When we heard about this we were sort of freaking out a little bit, until we got to analyze what they were doing. We thought maybe they’d discovered a way to find nested shreds. We’re not arrogant enough to think no one could figure out what we’re doing, we know it would be extraordinarily difficult and hard, and we weren’t worried about someone being able to read those files because that’s way, way out of the scope of what’s possible today, but we were worried that they’d be able to erase our data. Who knows how good these guys can get, and they get better every day, right? Something that we had designed was that if a “Delete” command was issued, it will not delete your content, it will only delete your tombstone files. Those tombstone files can be restored or reconstituted.
This particular piece of ransomware was successful in that the proliferation was so high. It was a little bit of a low bar because it was exploiting things that have been patched quite a bit by Microsoft, but there’s so many legacy systems out there that they definitely had a high level of proliferation. The question’s going to be how useful was the data that was encrypted, but not having access to data in general and not knowing what the real impact will be is the issue in general, because you can say “oh, those were old systems, we’ve heard this already, those are legacy systems, we keep those around for X/Y/Z…” well, at some point there’s going to be a dependency on one of those systems that someone didn’t predict and that data is not going to be available, which will be a real problem. It’s important to take cybersecurity seriously.
What lessons have been learned, or what lessons need to be learned, from this sort of attack?

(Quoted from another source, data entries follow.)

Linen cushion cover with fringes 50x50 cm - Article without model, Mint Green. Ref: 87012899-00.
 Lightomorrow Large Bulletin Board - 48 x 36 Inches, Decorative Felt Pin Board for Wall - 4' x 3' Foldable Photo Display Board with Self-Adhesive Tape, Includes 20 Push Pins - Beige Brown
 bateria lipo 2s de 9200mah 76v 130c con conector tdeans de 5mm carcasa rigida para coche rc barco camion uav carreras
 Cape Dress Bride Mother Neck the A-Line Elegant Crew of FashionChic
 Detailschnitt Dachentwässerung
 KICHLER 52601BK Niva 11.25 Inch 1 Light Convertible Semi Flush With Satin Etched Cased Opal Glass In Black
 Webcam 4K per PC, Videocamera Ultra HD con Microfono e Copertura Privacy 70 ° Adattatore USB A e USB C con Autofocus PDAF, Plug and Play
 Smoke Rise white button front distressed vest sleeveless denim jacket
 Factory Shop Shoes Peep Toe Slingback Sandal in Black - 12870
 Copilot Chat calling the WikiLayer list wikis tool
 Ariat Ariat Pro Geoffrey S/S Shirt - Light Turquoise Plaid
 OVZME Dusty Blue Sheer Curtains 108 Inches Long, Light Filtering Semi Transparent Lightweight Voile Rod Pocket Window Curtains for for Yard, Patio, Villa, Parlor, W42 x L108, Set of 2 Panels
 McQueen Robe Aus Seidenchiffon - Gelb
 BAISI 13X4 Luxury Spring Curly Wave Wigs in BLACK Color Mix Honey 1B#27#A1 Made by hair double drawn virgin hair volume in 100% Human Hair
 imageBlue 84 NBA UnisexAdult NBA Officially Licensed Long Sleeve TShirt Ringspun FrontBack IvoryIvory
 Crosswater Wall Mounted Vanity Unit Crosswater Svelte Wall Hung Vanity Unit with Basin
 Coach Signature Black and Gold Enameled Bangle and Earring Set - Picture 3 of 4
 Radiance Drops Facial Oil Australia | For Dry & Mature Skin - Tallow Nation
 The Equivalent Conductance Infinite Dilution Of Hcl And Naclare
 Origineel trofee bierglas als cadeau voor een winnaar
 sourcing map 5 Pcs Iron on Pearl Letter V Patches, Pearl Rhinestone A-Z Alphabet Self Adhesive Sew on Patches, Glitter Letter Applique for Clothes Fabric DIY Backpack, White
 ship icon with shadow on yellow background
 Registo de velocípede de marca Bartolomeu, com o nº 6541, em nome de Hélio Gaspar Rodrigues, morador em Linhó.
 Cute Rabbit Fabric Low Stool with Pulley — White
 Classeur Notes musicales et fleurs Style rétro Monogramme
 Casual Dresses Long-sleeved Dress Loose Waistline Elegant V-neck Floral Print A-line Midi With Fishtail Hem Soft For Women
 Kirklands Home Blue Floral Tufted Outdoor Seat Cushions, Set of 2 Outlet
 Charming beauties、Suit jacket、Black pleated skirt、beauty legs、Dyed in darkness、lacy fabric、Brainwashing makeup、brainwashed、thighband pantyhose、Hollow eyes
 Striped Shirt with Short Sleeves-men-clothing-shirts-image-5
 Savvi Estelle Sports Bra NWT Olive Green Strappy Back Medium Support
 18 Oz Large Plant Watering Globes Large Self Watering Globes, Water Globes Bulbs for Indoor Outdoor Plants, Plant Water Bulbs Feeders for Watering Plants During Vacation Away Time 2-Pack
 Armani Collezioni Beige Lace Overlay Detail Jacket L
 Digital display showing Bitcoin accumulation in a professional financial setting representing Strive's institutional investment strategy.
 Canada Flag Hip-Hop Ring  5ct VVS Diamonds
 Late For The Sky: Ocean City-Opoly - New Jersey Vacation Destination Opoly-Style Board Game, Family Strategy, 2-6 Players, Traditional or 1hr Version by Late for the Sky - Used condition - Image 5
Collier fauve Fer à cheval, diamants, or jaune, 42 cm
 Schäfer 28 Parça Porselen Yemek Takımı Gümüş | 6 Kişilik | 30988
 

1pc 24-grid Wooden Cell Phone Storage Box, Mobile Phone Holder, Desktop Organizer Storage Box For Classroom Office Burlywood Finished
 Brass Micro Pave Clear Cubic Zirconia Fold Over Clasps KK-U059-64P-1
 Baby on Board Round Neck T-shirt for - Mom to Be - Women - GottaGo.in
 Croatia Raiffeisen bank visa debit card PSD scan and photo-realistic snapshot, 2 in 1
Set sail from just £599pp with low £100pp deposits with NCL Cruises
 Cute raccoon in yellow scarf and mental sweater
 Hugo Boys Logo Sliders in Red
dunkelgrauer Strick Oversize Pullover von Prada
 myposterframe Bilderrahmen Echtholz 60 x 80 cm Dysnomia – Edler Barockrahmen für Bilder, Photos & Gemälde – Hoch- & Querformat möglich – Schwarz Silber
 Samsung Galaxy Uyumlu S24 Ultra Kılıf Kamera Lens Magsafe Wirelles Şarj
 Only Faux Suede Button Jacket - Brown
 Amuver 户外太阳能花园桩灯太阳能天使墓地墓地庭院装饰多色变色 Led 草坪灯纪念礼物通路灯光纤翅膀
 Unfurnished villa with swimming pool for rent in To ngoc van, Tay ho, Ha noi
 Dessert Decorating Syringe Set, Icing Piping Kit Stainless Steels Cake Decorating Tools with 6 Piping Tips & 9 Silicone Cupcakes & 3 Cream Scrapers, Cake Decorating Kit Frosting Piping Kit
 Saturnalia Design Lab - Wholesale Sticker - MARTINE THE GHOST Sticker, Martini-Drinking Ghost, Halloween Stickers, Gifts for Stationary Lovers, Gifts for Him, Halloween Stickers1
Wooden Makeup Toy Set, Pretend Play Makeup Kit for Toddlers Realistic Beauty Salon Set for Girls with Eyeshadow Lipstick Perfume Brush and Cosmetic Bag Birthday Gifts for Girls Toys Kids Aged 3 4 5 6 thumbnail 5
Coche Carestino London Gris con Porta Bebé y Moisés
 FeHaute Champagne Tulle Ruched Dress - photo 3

If you don’t have a good system, you need to make sure you have some sort of data-at-rest solution. You need to make sure you can recover any data that’s lost by having it backed up and not through a method that ransomware guys are starting to get smart about attacking. They’ll get better and better at attacking the backups themselves, so you’ve got to be very mindful about the solutions you’re looking at. This comes down to a lot of the usual stuff: the phishing emails, more education, better ways to handle this with AI…but until that’s available you’ve really got to educate people not to click on stuff, this is basic. Patch your systems.
To stop the killchain, we’ve instituted technology to work by default, but any time you can protect your systems so that you can recover from something like this, the better.